In February, two black BYU advertising students, Evelyn Harper and Kofi Aidoo, published a website called Check Your Blindspot with the aim of helping BYU students understand what racism is and what black students experience on campus.
Harper and Aidoo have experienced racism on campus. Both students said they have gotten used to what it is like to be a black student at BYU, but when they first arrived, it was hard.
“I just kind of felt misunderstood by lots of people, and people just kind of assumed a lot about me from just my race and ethnicity,” Harper said. “That for me was really off putting because it just meant I had to explain myself even more to people.”
Aidoo, from California, and Harper, from Indiana, said they feel like students are shocked to see them, and sometimes the other students stare at them because they are black students. “People don’t stare at me where I’m from,” Harper said.
Harper and Aidoo’s project split the solution into three steps: accept that racism is an issue, have empathy for those who suffer due to racism, and show up and help. “I think empathy is kind of where all of those things come from,” Harper said.
Aidoo added that empathy is understanding that not everyone’s experiences are the same. “When you come to BYU, it’s the Lord school; it’s the perfect place. For a lot of the students, that’s how it’s perceived as,” Aidoo said. “We fail to realize that not everyone’s experiences (are) perfect like that.”
Aidoo and Harper hope to see changes on the institutional level to help combat racism at BYU. Aidoo said adding a general education course about race and ethnicity like sociology 323, sociology of race and ethnicity, would help students. He also said he’d like to see a similar class for faculty members.
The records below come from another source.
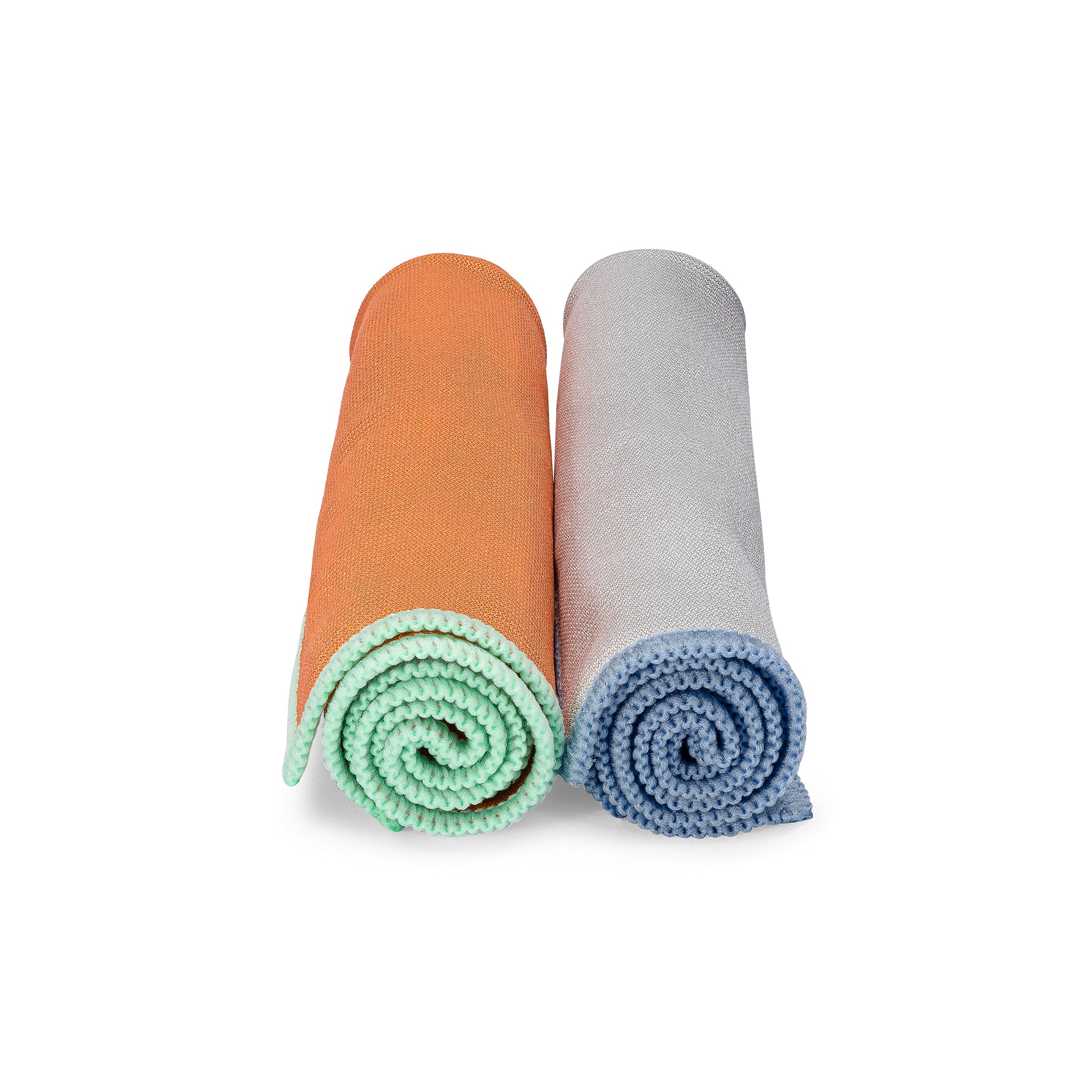 full-circle-water-works-microfiber-glass-cloth-set image 6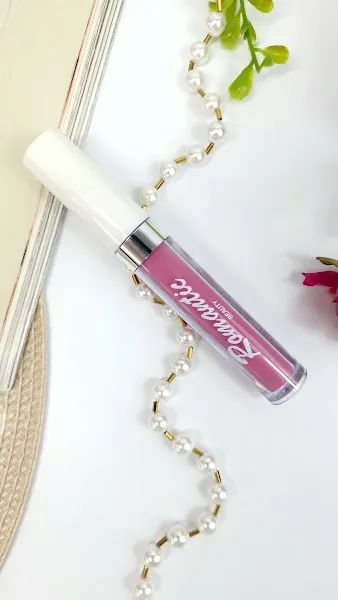 Labial liquido matte 05 Softshell Pink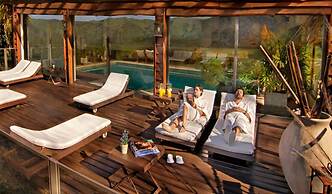 Chamonix Posada y Spa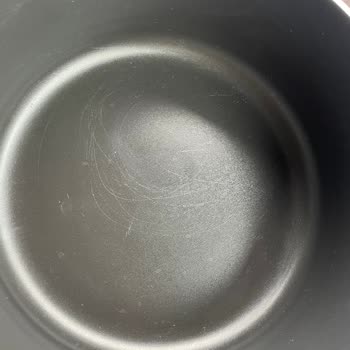 Porland Tava Kullanım Hasarı Ve İade Sorunu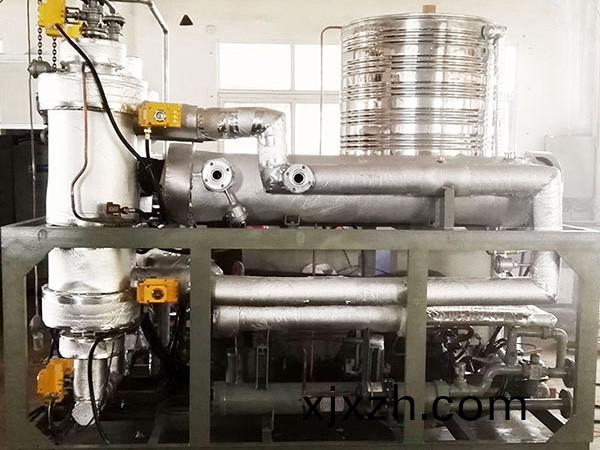 尾氣(qi)淨(jing)化解(jie)決(jue)方案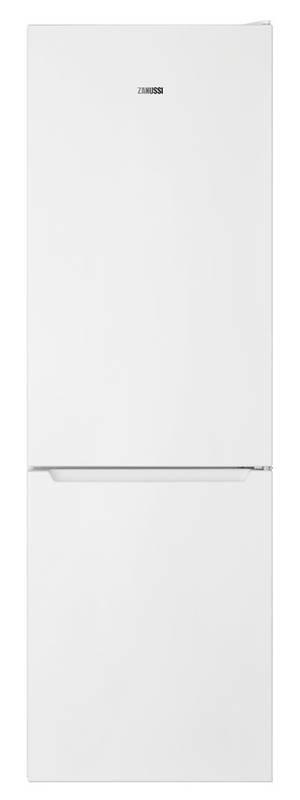 Chladnička s mrazničkou Zanussi ZNME32FW0 bílá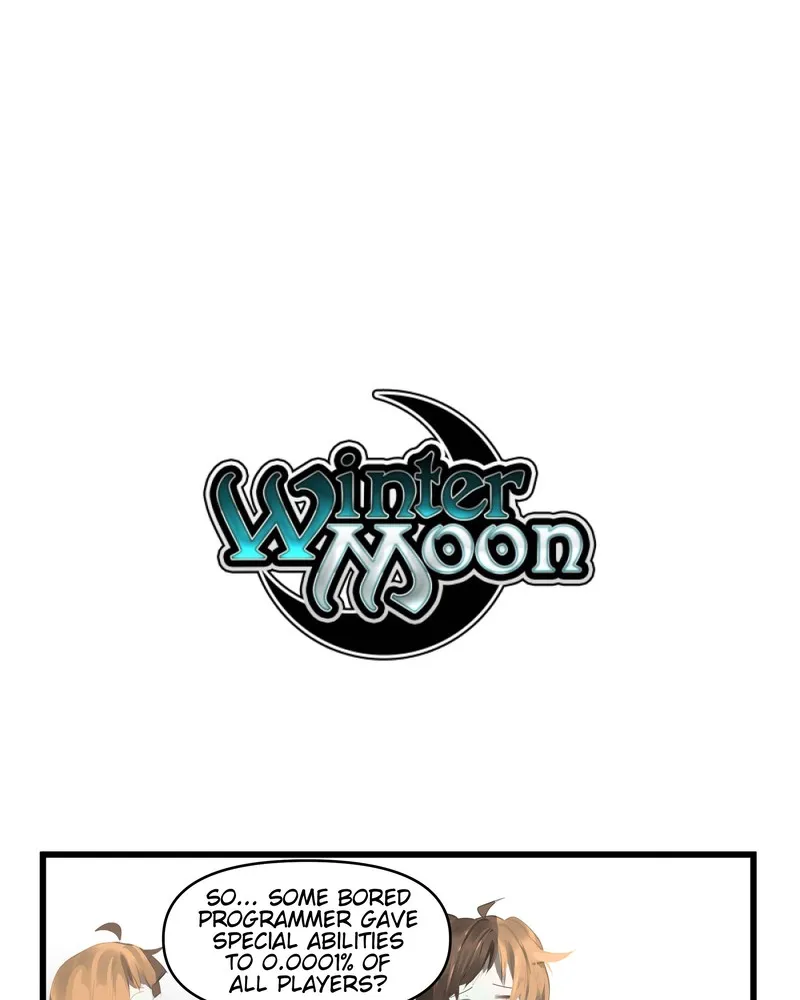Winter Moon Chapter 115 page 1 - 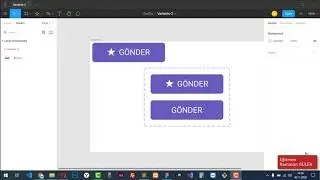 Figma Variants Boolean Operations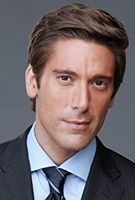 Profile picture of David Muir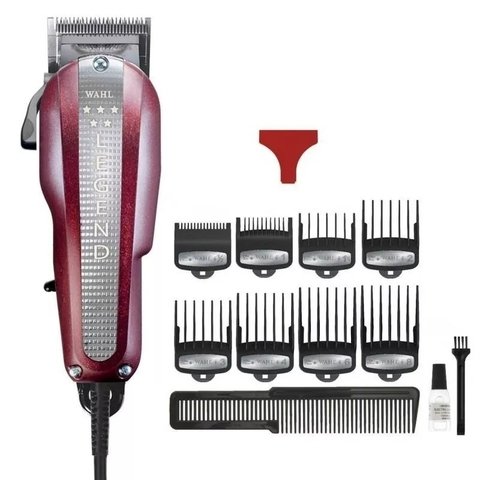Wahl Legend Maquina de corte profesional Tomassa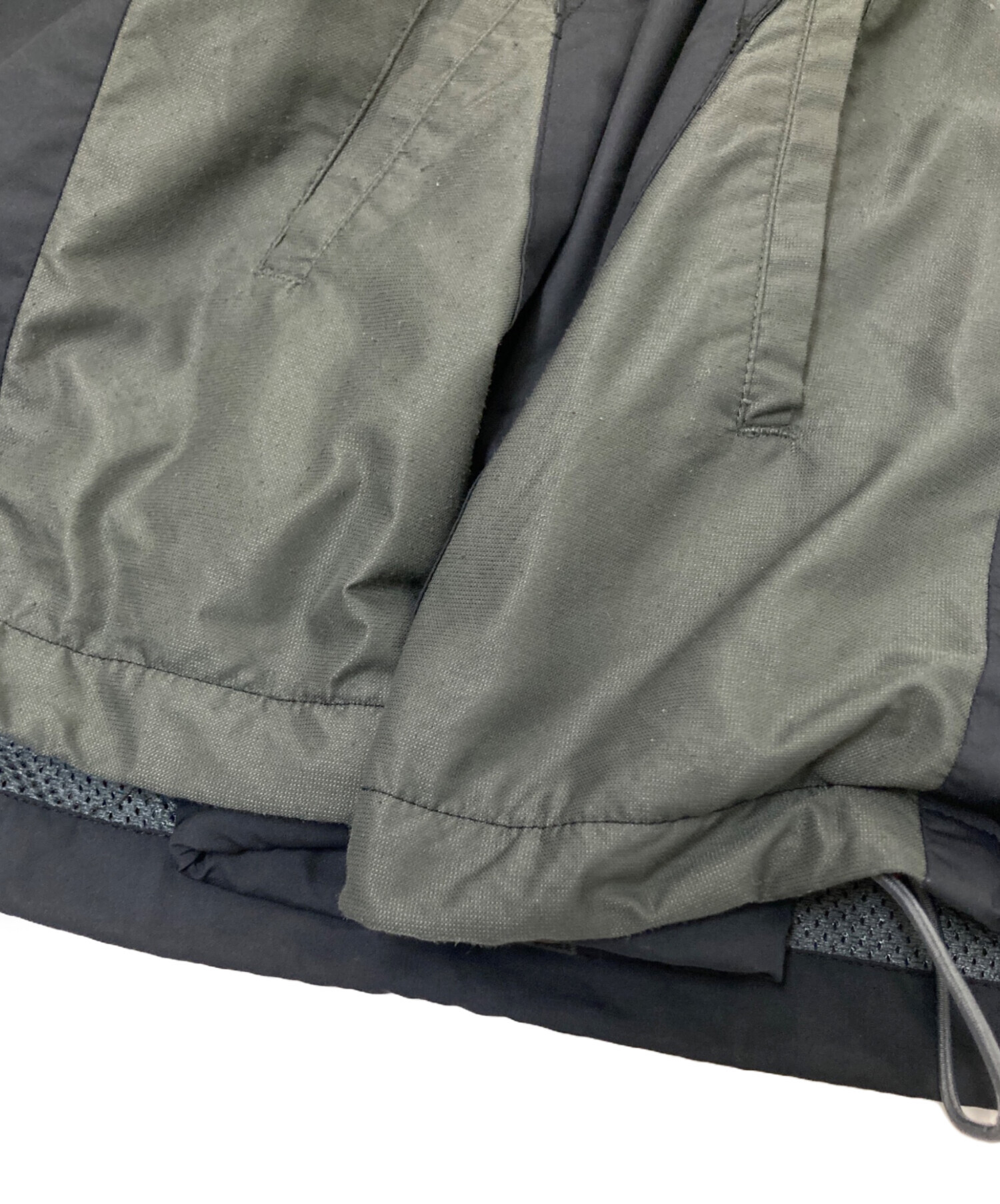 中古・古着通販】OAKLEY (オークリー) ジャケット グレー サイズ:L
In addition to adding required classes on race, Aidoo said he’d like to see racism defined in the Honor Code, so it could be a reportable offense. Currently the Honor Code says students and faculty should respect others but doesn’t include anything about racist comments or attitudes.
President Worthen acknowledged the comments made at the black and immigrant panel were racist at a later Black History Month event called Perspectives. Harper said she appreciated that he addressed the issue. “I do think we have a different president that’s actually willing to at least try to figure it out,” she said.
Gonzales said he has learned a lot about what it is like to be an undocumented immigrant or a part of the LGBT community by listening to their experiences. “The important thing to do is to find people that have experiences and perspectives that come from cultures, ethnicities and races that you don’t and listen to them,” Gonzales said.
At the most recent General Conference of the Church, Elder Jeffrey R. Holland of the Quorum of the Twelve mentioned the need to end racism. “May we hope…for the gift of personal dignity for every child of God, unmarred by any form of racial, ethnic or religious prejudice,” he said during his talk about hope. Reeves said the Church and its leaders need to do more than just speak out against racism and acknowledge that some previous teachings within the Church were racist.
The Gospel Topics essay on race and the priesthood says the Church doesn’t stand by these teachings and leaders now condemn all forms of racism both in the present and the past.
“‘We taught that. We practiced, produced, created racism, and it was wrong.’ That’s what the church needs to say,” Reeve said. “Until the Church actively teaches anti-racism, we’ll be stuck with our racism.”